* Given data:
- - -

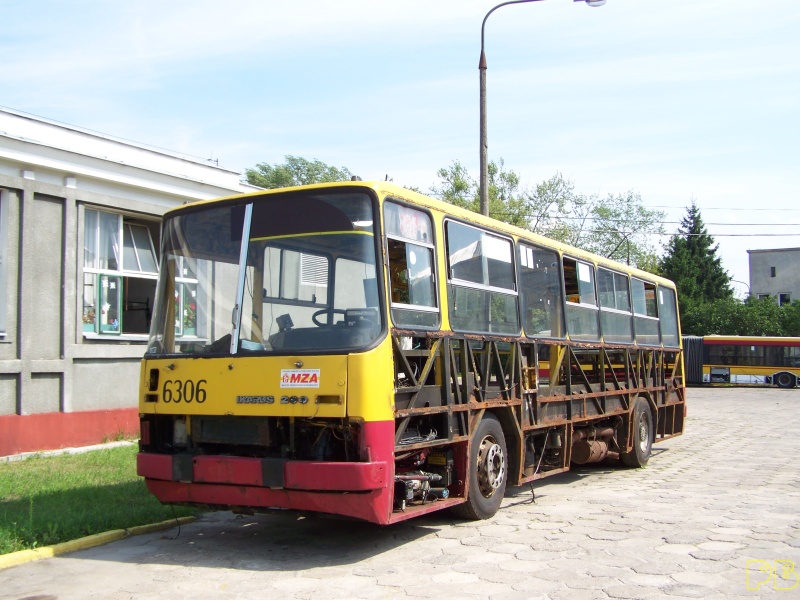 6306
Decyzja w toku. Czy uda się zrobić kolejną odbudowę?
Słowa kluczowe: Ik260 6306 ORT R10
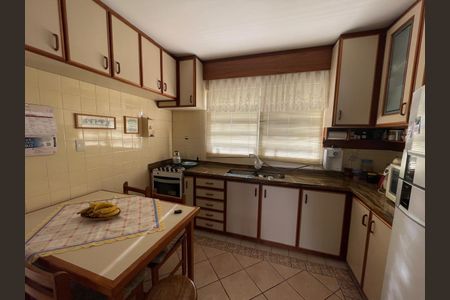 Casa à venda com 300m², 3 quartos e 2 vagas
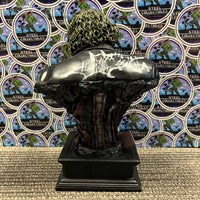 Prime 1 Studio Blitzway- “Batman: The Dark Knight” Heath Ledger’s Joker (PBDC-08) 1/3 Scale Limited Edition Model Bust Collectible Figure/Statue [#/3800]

- - -

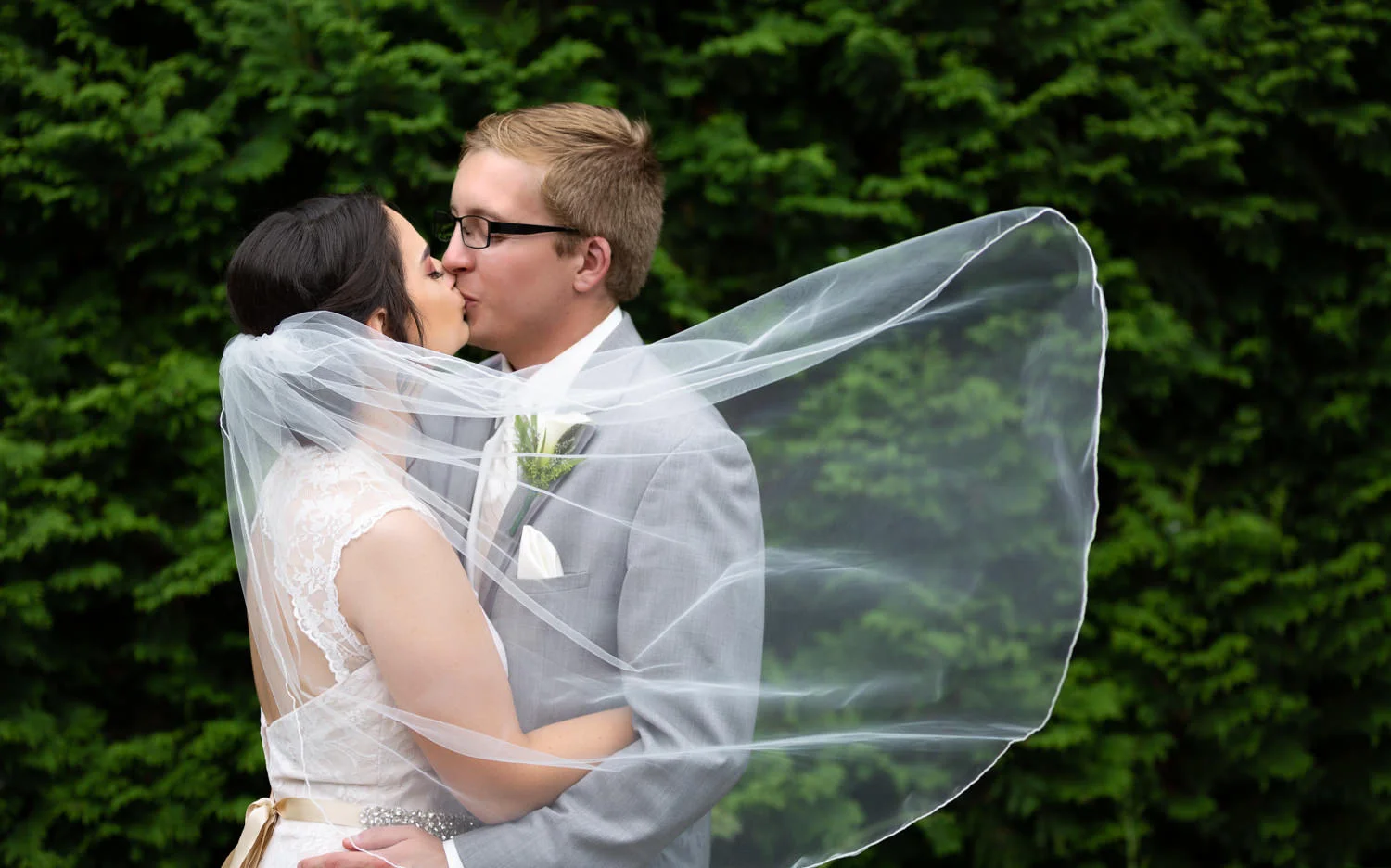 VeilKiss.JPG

- - -

* Instructions for the task:
Skipping every picture, transcribe exactly the lines above from the one containing "Słowa kluczowe: Ik260 6306 ORT R10" through the one containing "Prime 1 Studio", both included.

* Exercise solution:
Słowa kluczowe: Ik260 6306 ORT R10
 Casa à venda com 300m², 3 quartos e 2 vagas
 Prime 1 Studio Blitzway- “Batman: The Dark Knight” Heath Ledger’s Joker (PBDC-08) 1/3 Scale Limited Edition Model Bust Collectible Figure/Statue [#/3800]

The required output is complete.